Like his younger brother Batu, Jochi was raised Shaaran, and even today his dress and mannerisms are more southern than Tuigan. Rare for Tuigan, Jochi is tall and well-built.


Born in 1377, Jochi was two years old when he was sent south into The Shaar to be fostered by allied Cheetah tribesmen there, in an attempt to protect him from The Demonwar. The boy grew up Shaaran, learning the language and customs, becoming a famous warrior, and eventually marrying Apsara, a princess of his adoptive Cheetah tribe, in 1392. His son Arigh Boke, born 1393, was immediately elected chieftain of the Cheetah tribe, one of two Shaaran groups whose traditional territory abutted the border of The Tuigan March at that time. Arigh Boke in his turn would marry Anawat, an Ankheg princess, in 1408. This union immediately produced an heir, Yakub (great-grandson of Jebe Khan) who in 1417 at the age of 12 would be elected Khan of All Shaarans after marrying Anepthis, the widowed queen of the Eagle tribe, the last Shaaran group not tied to The Golden Family. In this way The Shaar was dynastically united with the March, forming a vast Tuigan empire in southern Faerun.

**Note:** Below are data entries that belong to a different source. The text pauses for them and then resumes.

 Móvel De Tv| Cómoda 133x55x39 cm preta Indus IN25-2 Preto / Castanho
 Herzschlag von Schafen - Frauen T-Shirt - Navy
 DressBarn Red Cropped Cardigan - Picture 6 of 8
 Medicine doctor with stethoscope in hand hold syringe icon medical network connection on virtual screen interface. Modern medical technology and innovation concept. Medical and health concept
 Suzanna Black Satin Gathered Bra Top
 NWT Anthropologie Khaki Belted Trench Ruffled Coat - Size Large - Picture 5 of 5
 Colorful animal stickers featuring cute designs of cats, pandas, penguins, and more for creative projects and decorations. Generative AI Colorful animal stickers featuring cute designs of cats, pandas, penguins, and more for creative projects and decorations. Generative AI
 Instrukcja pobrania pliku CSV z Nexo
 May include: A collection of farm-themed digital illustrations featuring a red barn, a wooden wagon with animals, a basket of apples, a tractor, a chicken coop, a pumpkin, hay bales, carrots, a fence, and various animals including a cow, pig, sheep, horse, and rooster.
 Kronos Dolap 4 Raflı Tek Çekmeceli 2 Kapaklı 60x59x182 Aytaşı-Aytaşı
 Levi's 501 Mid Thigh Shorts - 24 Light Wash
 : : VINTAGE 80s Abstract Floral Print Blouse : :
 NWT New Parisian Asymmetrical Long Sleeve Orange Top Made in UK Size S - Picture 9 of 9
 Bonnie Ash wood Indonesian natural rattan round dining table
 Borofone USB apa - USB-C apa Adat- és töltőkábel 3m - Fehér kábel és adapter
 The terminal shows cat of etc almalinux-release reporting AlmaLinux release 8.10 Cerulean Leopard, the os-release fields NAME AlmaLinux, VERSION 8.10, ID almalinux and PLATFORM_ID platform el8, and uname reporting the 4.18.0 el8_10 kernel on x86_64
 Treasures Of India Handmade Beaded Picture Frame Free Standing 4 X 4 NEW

No sooner had his son become a chief than Jochi assembled a horde of Cheetah and Tuigan riders for the first of The Great Raids, in 1395, against the wealthy cities on the borders of The Shaar, which had grown fat on the caravan trade. His forces looted Hardcastle, Torsh, Innarlith and Derlusk. The following year his horde pushed the adventurer armies of The Border Kingdoms north of The River Scelptar. Jochi would take to the field again in 1418, 1419 and 1420, when his grandson Yakub was leading the horde, and again in 1424, for the final sack of Sheirtalar.

Jochi’s fortune was misfortune for his nephew Mongke,whose childless marriage to another Shaaran princess prevented his branch of the family from expanding there. Mongke and Arigh Boke eventually became rivals (bitter ones, in the case of their wives), which put Jochi and his brother Batu on opposite sides of an emerging power struggle. This situation was worsened in 1426 after the death of Subedei Khatun, when the rivals began to compete for the loyalty of their grandmother’s remaining Noyan. Things nearly came to a head when Artusas and Anawat competed in a high-stakes horse race at the Shaarmid horse fair of 1427, though the rivalry quietened after Artusas failed to win.

Today Jochi spends almost all of his time in The Shaar.